Taking a more attentive look, It's actually interesting to notice how virtually all the artists with strong playlists presence are or are part of orchestras. This is even more curious if we consider that, when we printed the number of purchases by genre, classical music tracks have been purchased a meager 4 times. Perhaps, this kind of music is sold for cheap by record companies; then the Chinook management might want to take advantage of this price and decides stuffing the playlists available on the store with classical music is a good idea.
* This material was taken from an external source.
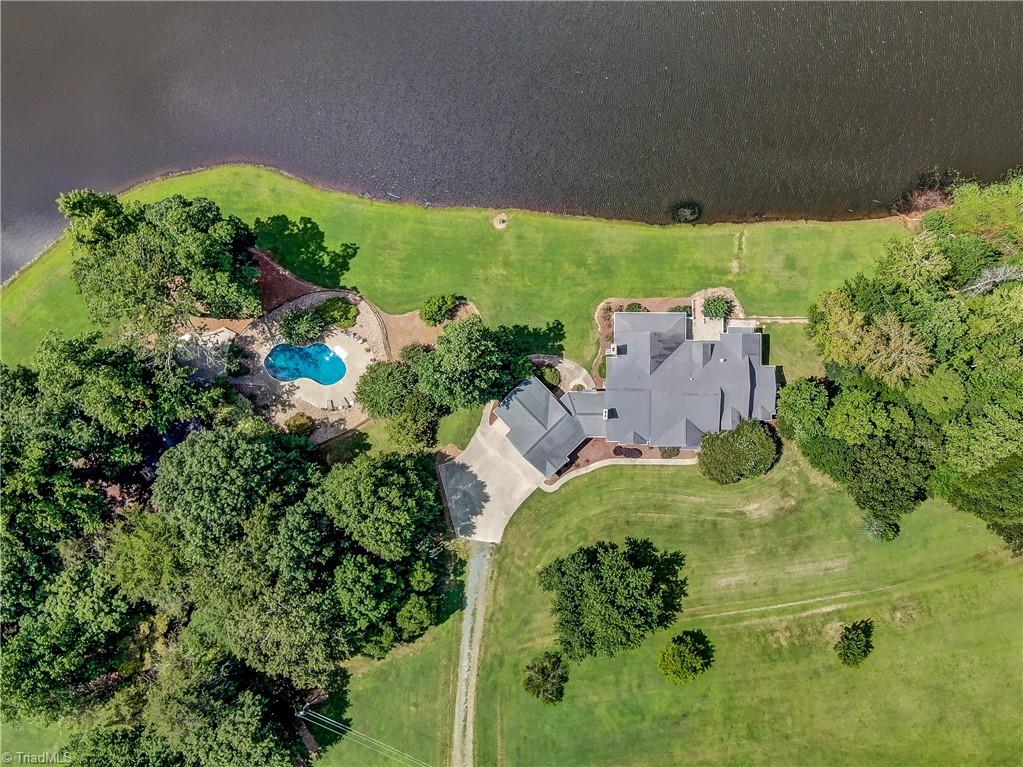 Custom build home with 18+ acres on an apprximately 7-8 acre lake.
## Assessing the Significance of the Media Type

Looking back at the database schema, we spot a table called *media_type* which must inevitably contain information on the different digital type of the tracks. Let's see what these types are and what is the most common.   

In [13]:
%%sql

-- Get each media type count

SELECT mt.name media_type, COUNT(*) tracks_purchased 
FROM invoice_line il 
     INNER JOIN track t ON il.track_id=t.track_id
     INNER JOIN media_type mt ON t.media_type_id = mt.media_type_id
GROUP BY 1
ORDER BY 2 DESC;

 * sqlite:///chinook.db
Done.


media_type,tracks_purchased
MPEG audio file,4259
Protected AAC audio file,439
Purchased AAC audio file,35
AAC audio file,21
Protected MPEG-4 video file,3


Strictly speaking, there are 5 different types of media; but it is more correct to say that there are 2 media types ([MPEG](https://en.wikipedia.org/wiki/Moving_Picture_Experts_Group) and [AAC](https://en.wikipedia.org/wiki/Advanced_Audio_Coding)) and each of them has an extra attribute (*protected* or *not protected*). The overwhelming majority (nearly 90%) of the tracks purchased are of MPEG type and none of these audio files are *protected*. 

On the other hand, protected audio files are the most common among the AAC type. 

## Purchased vs. Non-Purchased Tracks

Let's conclude by checking what portion of the full songs catalog available on the Chinook store has been purchased at least once.

In [14]:
%%sql

-- Create a temporary table with the number of tracks purchased at least once

WITH purch_tracks_count AS(
SELECT COUNT(DISTINCT(t.track_id)) purchased_tracks 
  FROM track t 
       INNER JOIN invoice_line il ON t.track_id = il.track_id)

-- Calculate the percentage of tracks purchased at least once

SELECT purchased_tracks, total_tracks, ROUND(CAST(purchased_tracks AS FLOAT) / total_tracks, 2) * 100
                                       AS percentage
  FROM purch_tracks_count t JOIN (SELECT COUNT(*) total_tracks
                  FROM track);

 * sqlite:///chinook.db
Done.


purchased_tracks,total_tracks,percentage
1806,3503,52.0


Only 52% of all the tracks available in the store have been purchased at least once. That looks like a quite low number. In retrospective, considering this figure, it might be a good idea to reduce the number of songs to put on the store.